The Element 5 is CalDigit’s first Thunderbolt 5 hub, and it’s aimed squarely at people who already know why they want one. Nine ports, four of them TB5 at 80Gb/s, in a chassis barely larger than the original TB4 Element. If you’re plugging in fast NVMe enclosures, a TB5 display, and another TB5 device daisy chain, this is the cleanest way to do it from a single port on a MacBook Pro M4 Pro or Max.

TB5 Hub vs TB4 Dock

The split matters. A dock like the CalDigit TS4 gives you ethernet, SD readers, audio, and a pile of legacy ports — the kitchen-sink approach. The Element 5 strips all of that out and spends the silicon budget on bandwidth. You get four TB5 ports instead of three TB4s, and the host-side pipe is doubled. If you’ve never saturated a TB4 dock, this isn’t the upgrade for you. If you’ve watched a TB4 dock choke when copying to an external SSD while a 4K display is connected, this is the fix.

Real-World Performance

The four TB5 ports each support 64Gb/s PCIe, which translates to roughly 6,200MB/s on fast TB5 SSDs — more than double what TB4 enclosures deliver. Display behavior depends on the host. On macOS you get up to two 6K/8K panels or dual 4K@240Hz; on Windows, three 4K@144Hz panels are possible. The 90W host charging is enough for a MacBook Pro 14, and adequate-but-not-excessive for the 16-inch under sustained load.

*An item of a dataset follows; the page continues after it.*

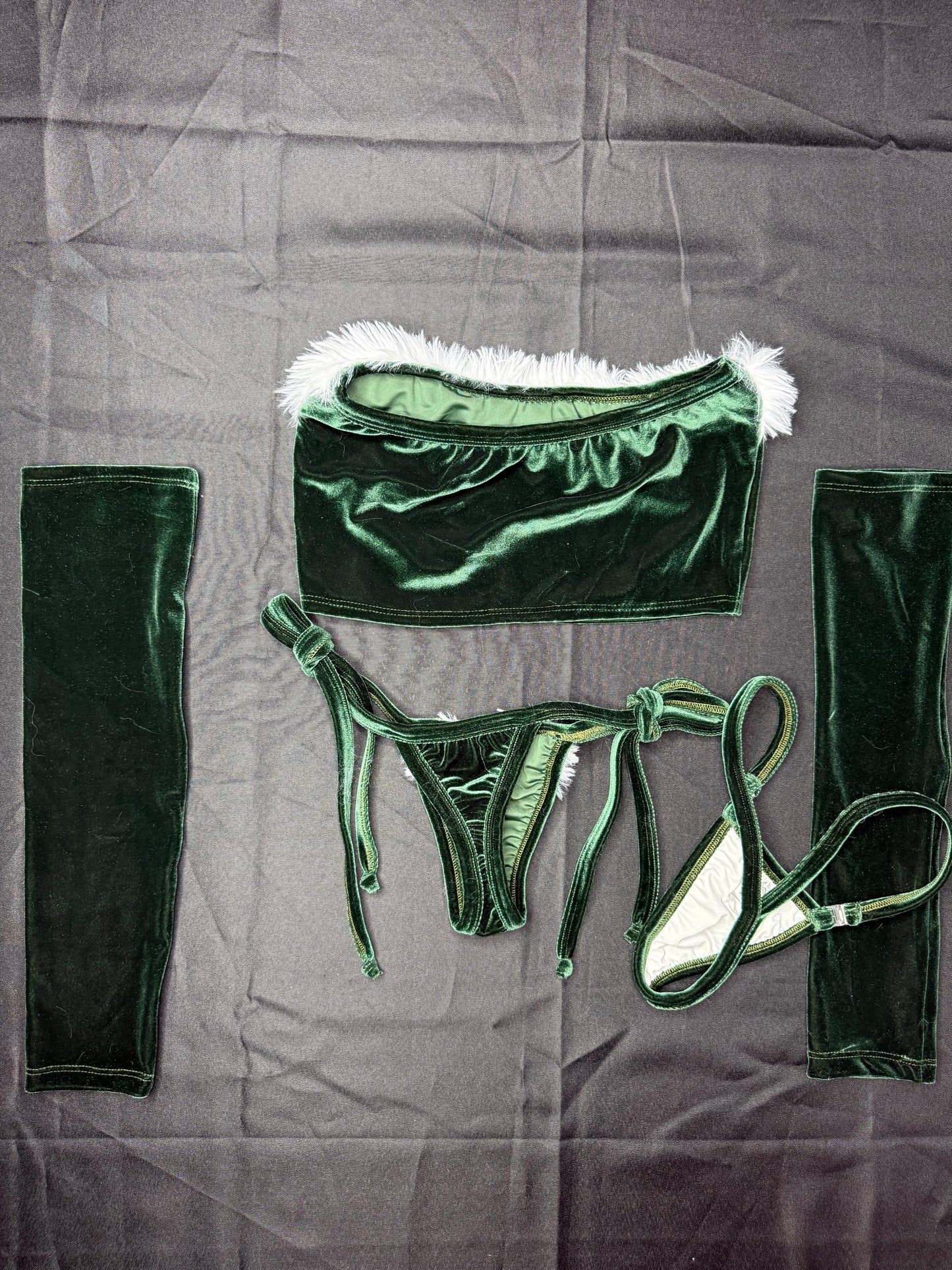 Green Velvet Three-Piece With Hat Christmas Lingerie Outfit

Element 5 vs OWC Thunderbolt 5 Hub

OWC’s TB5 hub is the obvious cross-shop. OWC gives you three TB5 ports and an extra USB-C, runs a bit cheaper, and includes a slightly longer host cable. The Element 5 wins on port count (four TB5 ports vs three) and matches OWC on charging. If you’re chaining multiple TB5 SSDs and a display, the extra TB5 port is the deciding factor. If you only need one TB5 device plus a monitor, the OWC saves you money.

Who Should Buy This

Buy the Element 5 if you have a MacBook Pro M4 Pro or Max, you’re running TB5 storage or a TB5 display, and ethernet lives on your router or a separate dongle. It’s also the right pick if you already own a TB4 dock for ethernet and SD duty, and you just need a high-bandwidth pipe for displays and SSDs. Skip it if you need ethernet, audio, or card readers built in — the CalDigit TS4 (or the new TS5 Plus) is the better dock for that workflow. And if you’re on a TB4 Mac, save the money and get the original TB4 Element instead.